▶ [What this task involves]: Leave the images out and repeat the data exactly as given.

[Records to process — start]

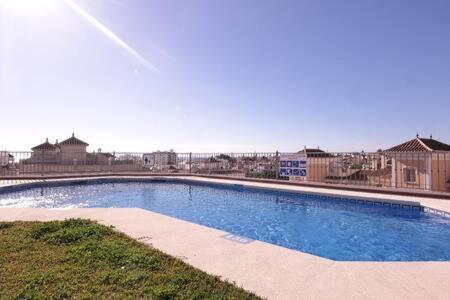 Amplio Apartamento Con Piscina Cerca De La Playa Nerja Dış mekan fotoğraf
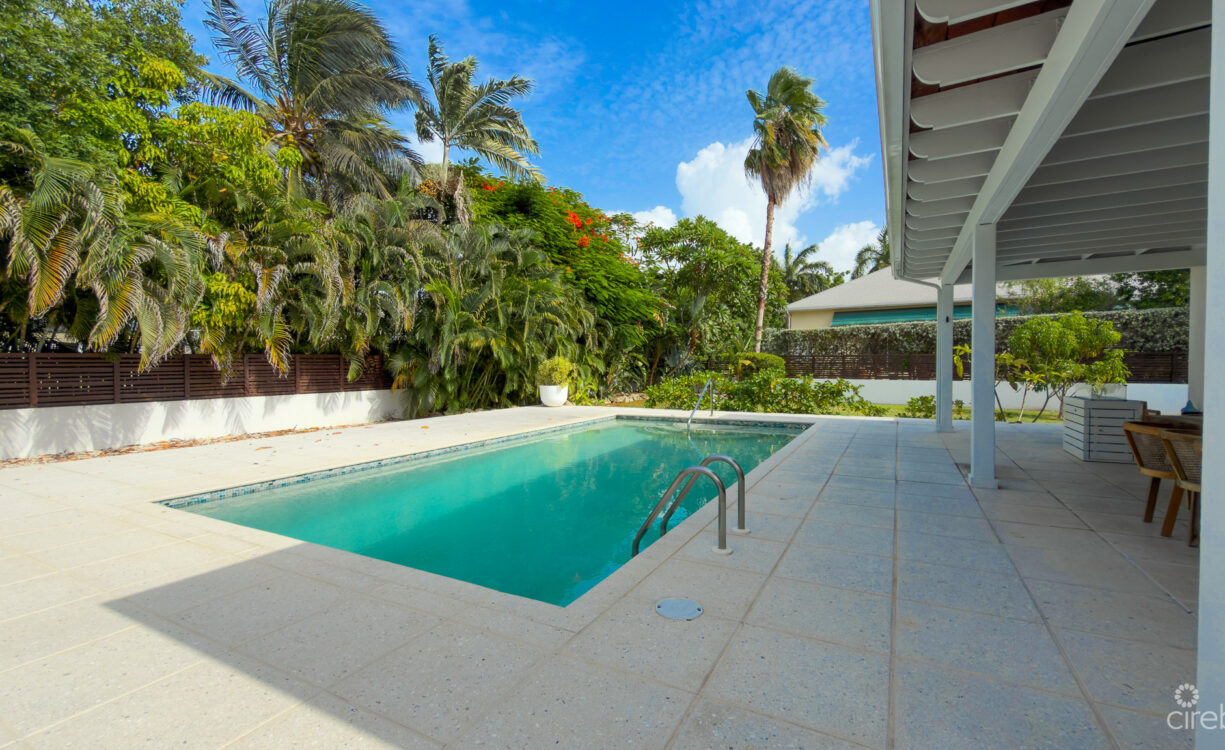 SEVEN MILE BEACH CORRIDOR FAMILY HOME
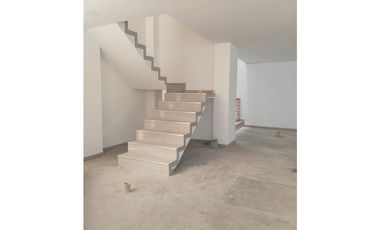 VENDO APARTAMENTO BARRIO CENTENARIO
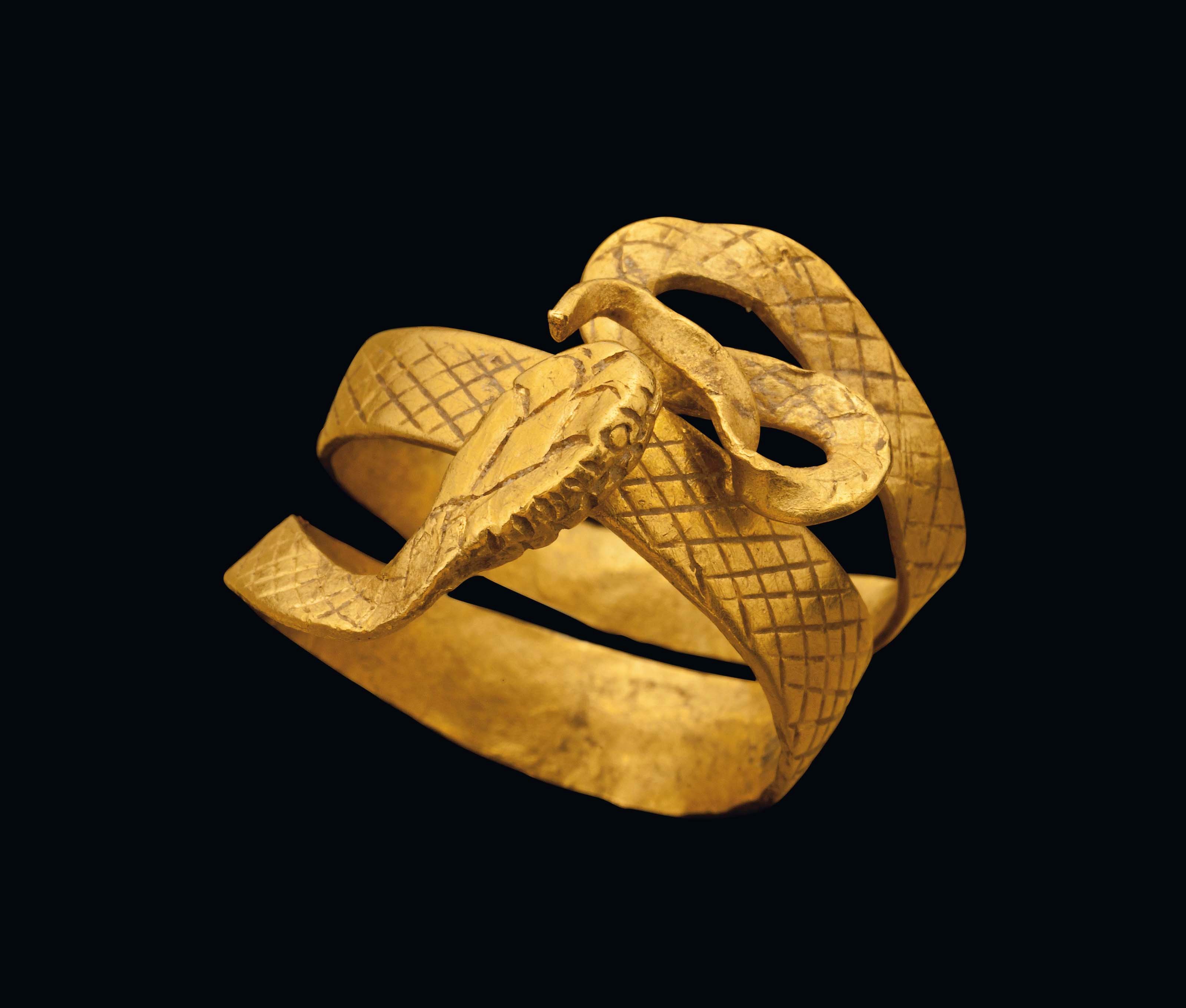 A ROMAN GOLD SNAKE RING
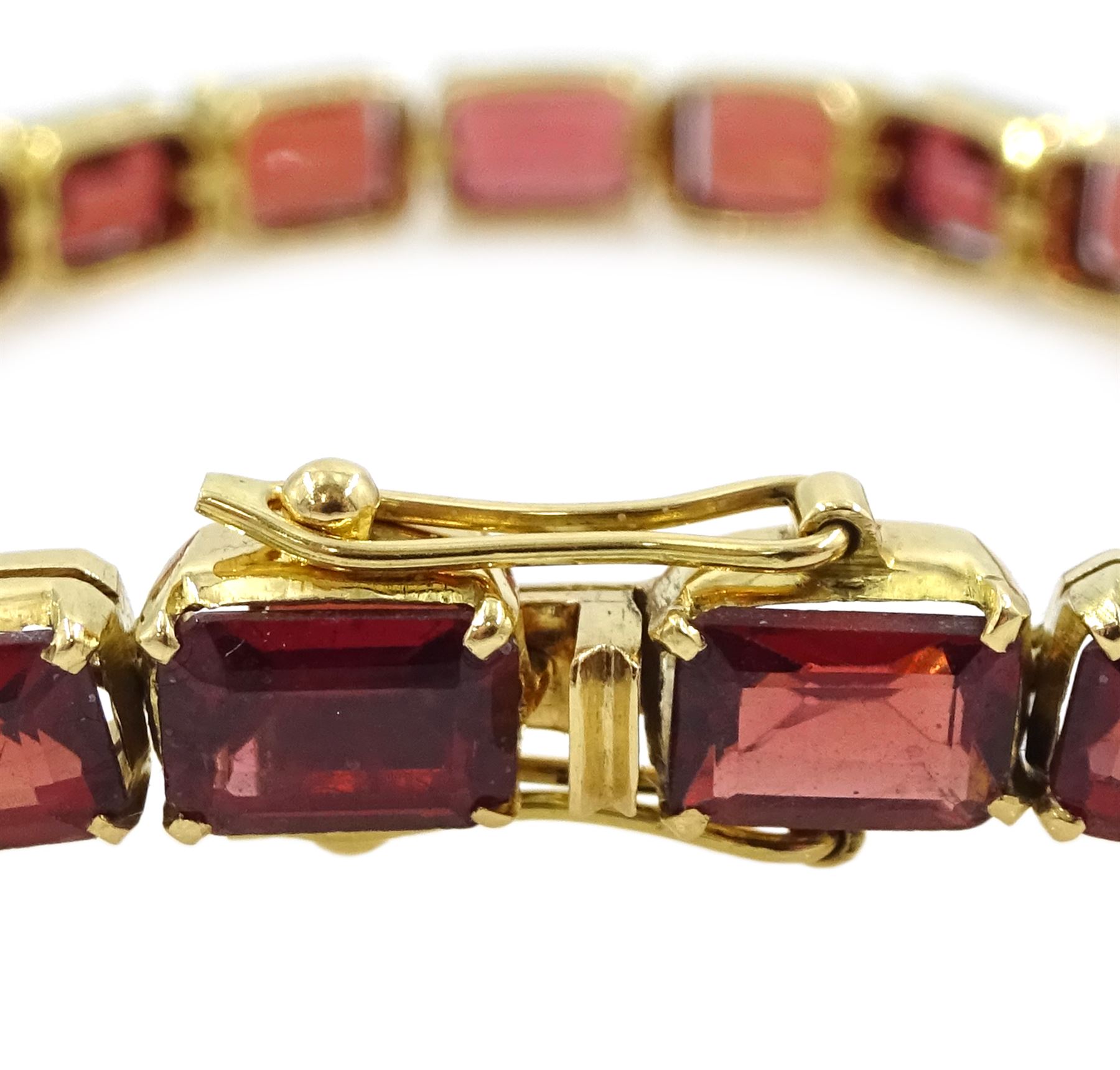 18ct gold emerald cut garnet link bracelet - Image 2 of 2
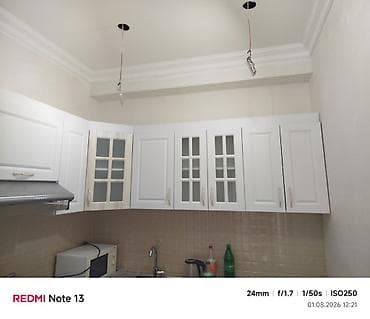 Mətbəx mebeli dəsti – L formalı, üst-altar şkaflarla Xüsusiyyətlər: - — 5
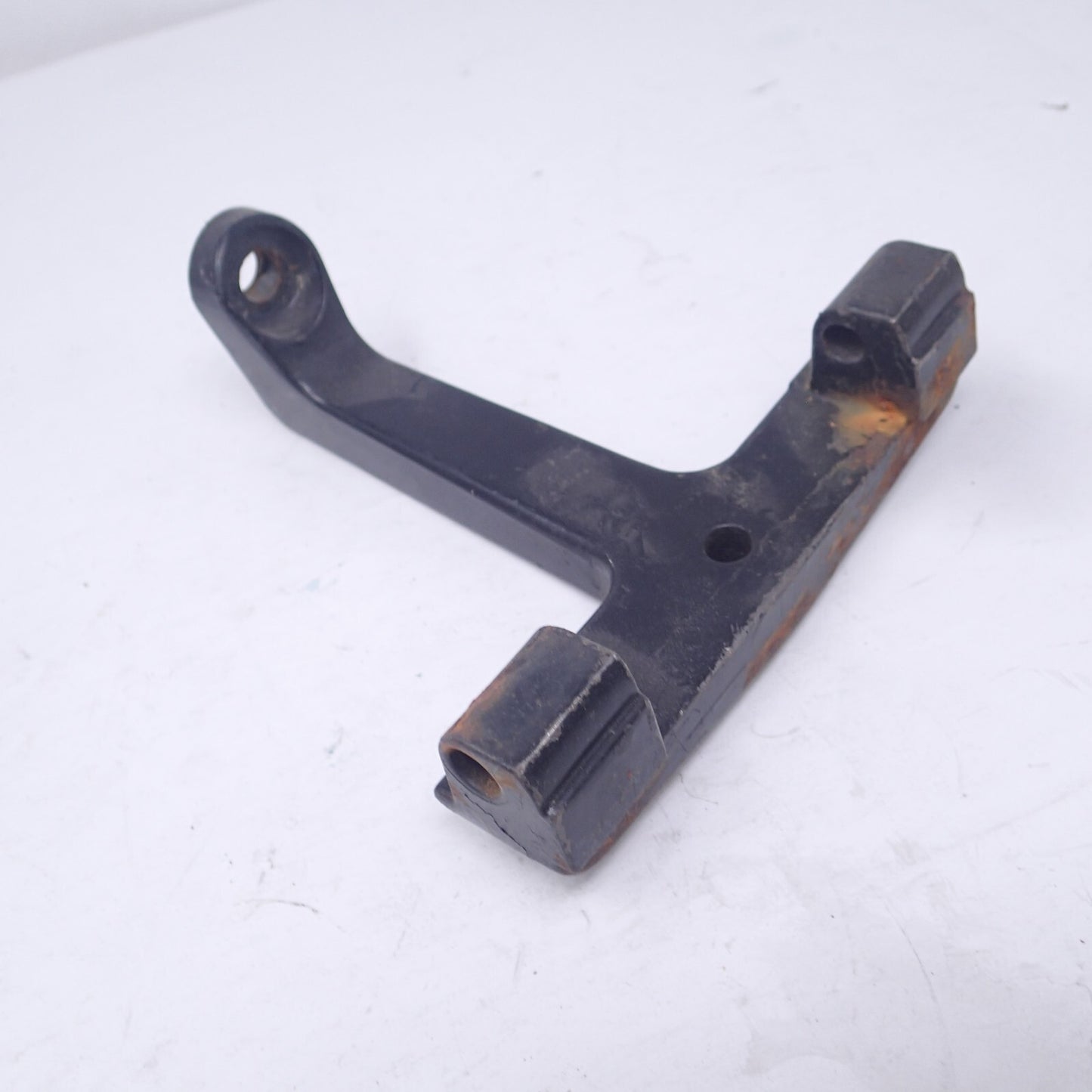 Harley-Davidson Passenger Footboard Mounting Bracket 53070-00 98 Later Touring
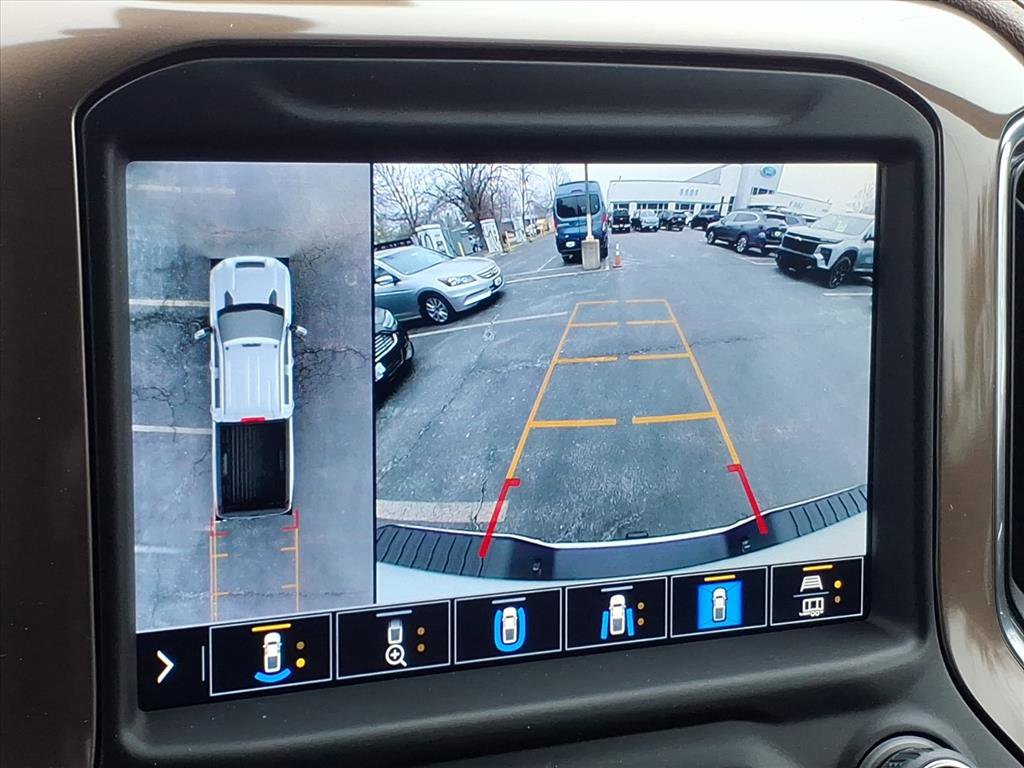 Used 2023 Chevrolet Silverado 2500 High Country image 12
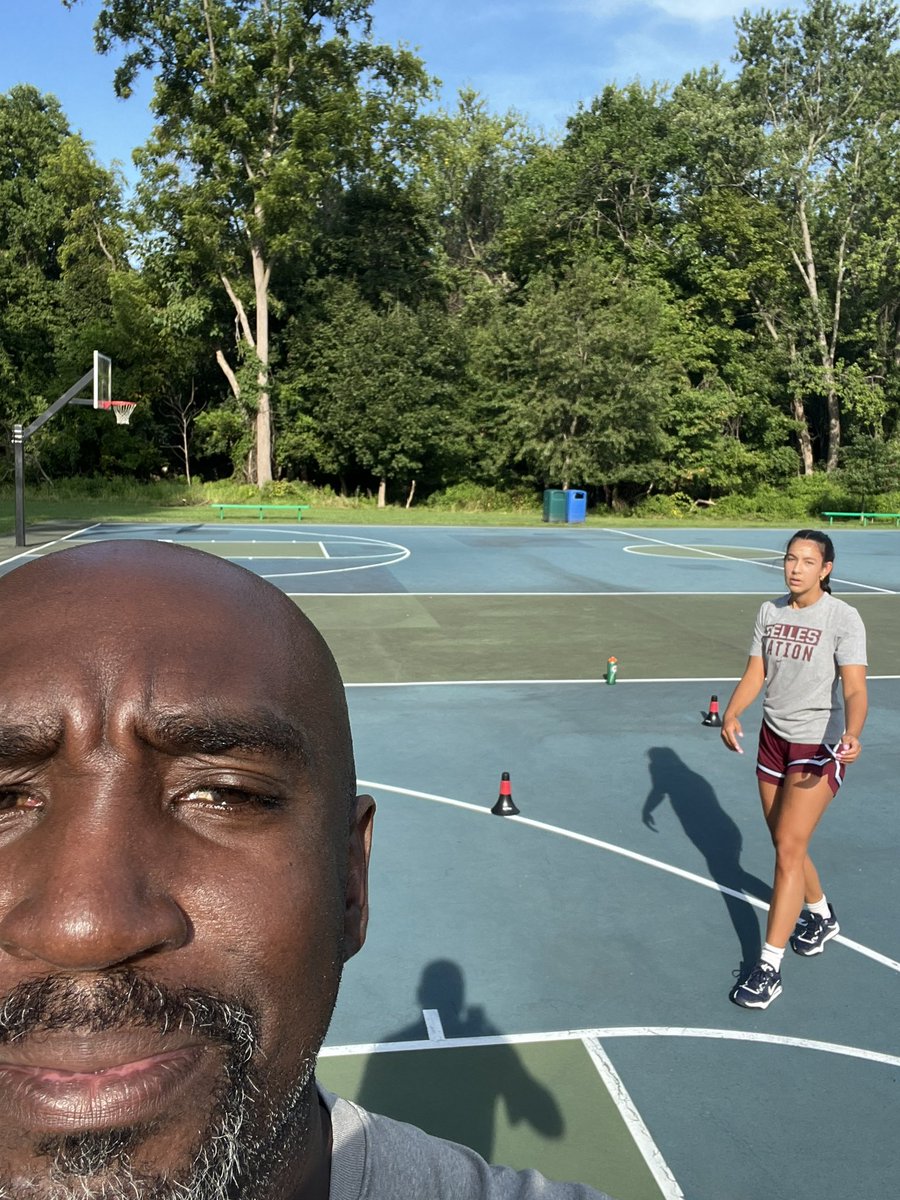 CoachYoungNJ's tweet photo. Great way to start the day: so proud of the progress @sammieslofkiss of @trincollwbb has made the last month. Turning her from an undersized post to an effective stretch 4 by correcting footwork and her shot. Her confidence is GROWING and I love it! #WeOutside #AlwaysACoach https://t.co/IV4eJps8Zv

[Records to process — finish]

▶ [Solution to this task]:
 Amplio Apartamento Con Piscina Cerca De La Playa Nerja Dış mekan fotoğraf
 SEVEN MILE BEACH CORRIDOR FAMILY HOME
 VENDO APARTAMENTO BARRIO CENTENARIO
 A ROMAN GOLD SNAKE RING
 18ct gold emerald cut garnet link bracelet - Image 2 of 2
 Mətbəx mebeli dəsti – L formalı, üst-altar şkaflarla Xüsusiyyətlər: - — 5
 Harley-Davidson Passenger Footboard Mounting Bracket 53070-00 98 Later Touring
 Used 2023 Chevrolet Silverado 2500 High Country image 12
 CoachYoungNJ's tweet photo. Great way to start the day: so proud of the progress @sammieslofkiss of @trincollwbb has made the last month. Turning her from an undersized post to an effective stretch 4 by correcting footwork and her shot. Her confidence is GROWING and I love it! #WeOutside #AlwaysACoach https://t.co/IV4eJps8Zv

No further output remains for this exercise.